Baca berita tanpa iklan. Gabung Kompas.com+

Warga 4 Desa di Kaki Gunung Layung Kutai Barat Tolak Tambang Batu Bara

Kompas.com - 13/07/2020, 18:26 WIB
Zakarias Demon Daton,
Teuku Muhammad Valdy Arief

Tim Redaksi

SAMARINDA, KOMPAS.com – Warga empat desa di kaki Gunung Layung, Kecamatan Barong Tongkok, Kabupaten Kutai Barat, Kaltim menolak hadirnya pertambangan batu bara di lokasi tersebut.

Mereka menilai kehadiran tambang batu bara tersebut bakal mengancam sumber air dan hutan di Gunung Layung serta enam desa yang ada di sekitar kawasan tersebut.

“Gunung Layung itu sumber mata air bagi warga sekitar. Jika perusahaan dibiarkan masuk bakal hancur semua hutan kami,” ungkap Koordinator Forum Sempekat Petani Desa Geleo Asa dan Geleo Baru, Martidin (60), saat memberi keterangan pers di Samarinda, Senin (13/7/2020).

Baca juga: Polisi Bongkar Tambang Pasir Ilegal di Gunungkidul

Selain ancaman bagi sumber air, hutan adat di Gunung Layung, kehadiran tambang tersebut pun mengancam komoditas pertanian warga yang telah berlangsung puluhan tahun.

“Hasil kebun rata-rata karet, kalau pertanian padi sawah, juga buah-buahan dan ikan. Kami tidak ingin lahan pertanian kami hancur dengan masuknya tambang,” tuturnya.

Saat ini perusahaan tersebut sudah membuat jalan tambang (hauling road) dan pelabuhan batu bara (jetty) seiring keluarnya IUP perpanjangan nomor 545/K.1101/2010.

“Kami tidak bersedia melepas lahan kami jadi lahan pertambangan batu bara,” tegasnya.

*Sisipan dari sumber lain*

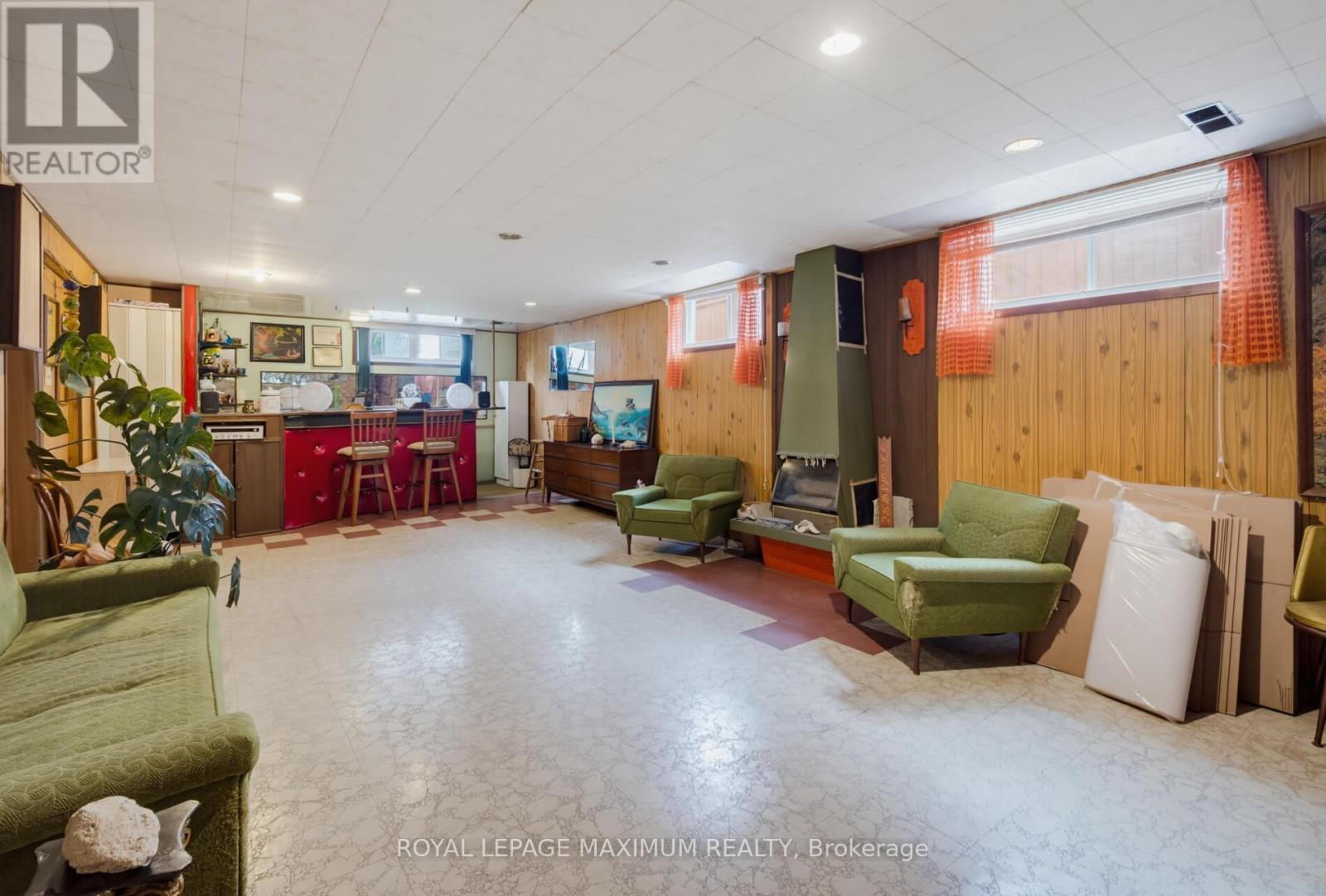












41 STRATHAVON DRIVE

,
Toronto,




Ontario
M9V2H4


Baca juga: Masyarakat Diaspora Manggarai Raya dan Anggota DPR RI Tolak Tambang dan Pabrik Semen di Matim

Ada 12 kelompok tani yang ada di Desa Geleo Asa dan masyarakat adat sudah sepakat tak menyerahkan lahan mereka untuk wilayah pertambangan.

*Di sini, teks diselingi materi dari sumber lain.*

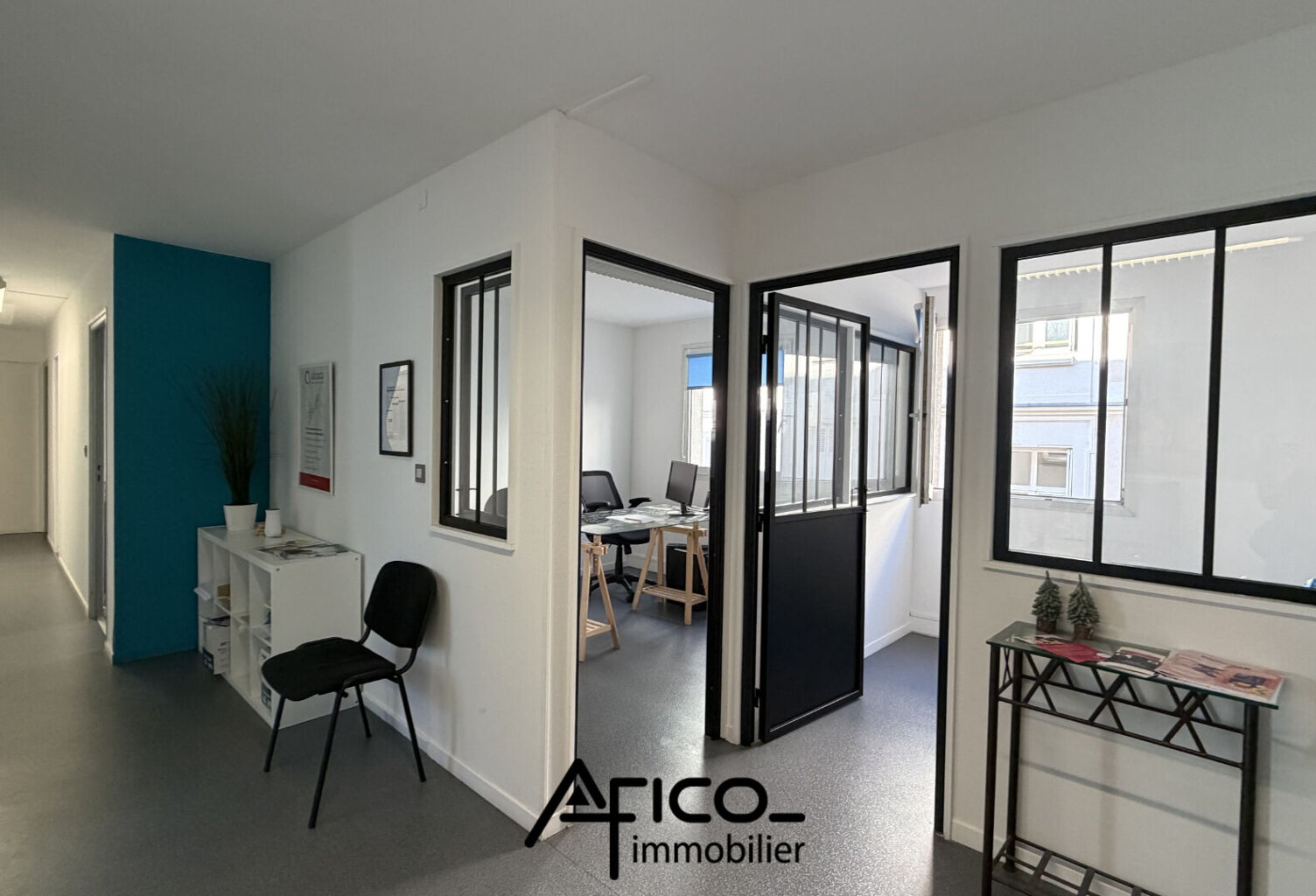 BUREAUX - 110 m² - TOURS HYPER CENTRE — photo 1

Rinayati (44) perwakilan dari kelompok tani Desa Geleo Baru juga menolak kehadiran perusahaan tambang batu bara yang berada di lokasi tersebut.


Bagi dia, enam desa berada di kaki Gunung Layung selama ini menjadi sentral produksi hasil pertanian dari sayuran, buah-buahan dan perkebunan karet.

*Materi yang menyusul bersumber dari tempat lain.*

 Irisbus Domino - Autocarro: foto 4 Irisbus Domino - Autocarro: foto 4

Bahkan, kata dia, durian yang biasa dikenal dengan nama durian melak yang biasa dijual di kota-kota besar, berasal dari desa-desa yang ada di wilayah tersebut.

Selain itu, juga sungai-sungai alami yang menyimpan banyak ikan. Masyarakat dengan mudah mencari ikan di sungai –sungai yang ada di kawasan tersebut.

“Kenapa kami menolak, kalau disitu ditambang dampak lingkungan akan rusak. Sumber-sumber pertanian, perkebunan, dan sumber ikan yang ada di sungai tersebut bakal habis,” terang dia.

Baca juga: Di Kawasan Tambang Korowai, 10 Kilogram Beras Dijual Seharga Rp 2 Juta

Warga lain, Kornelis Detang (42) menambahkan selain ancaman bagi hasil pertanian dan perkebunan, lebih jauh dari hal itu, tanah dan hutan di Gunung Layung merupakan warisan nenek moyang bagi warga sekitar sejak ratusan tahun lalu.

“Dan sekarang jadi sumber kehidupan kami di sana. Sumber kehidupan masyarakat adat,” tegasnya.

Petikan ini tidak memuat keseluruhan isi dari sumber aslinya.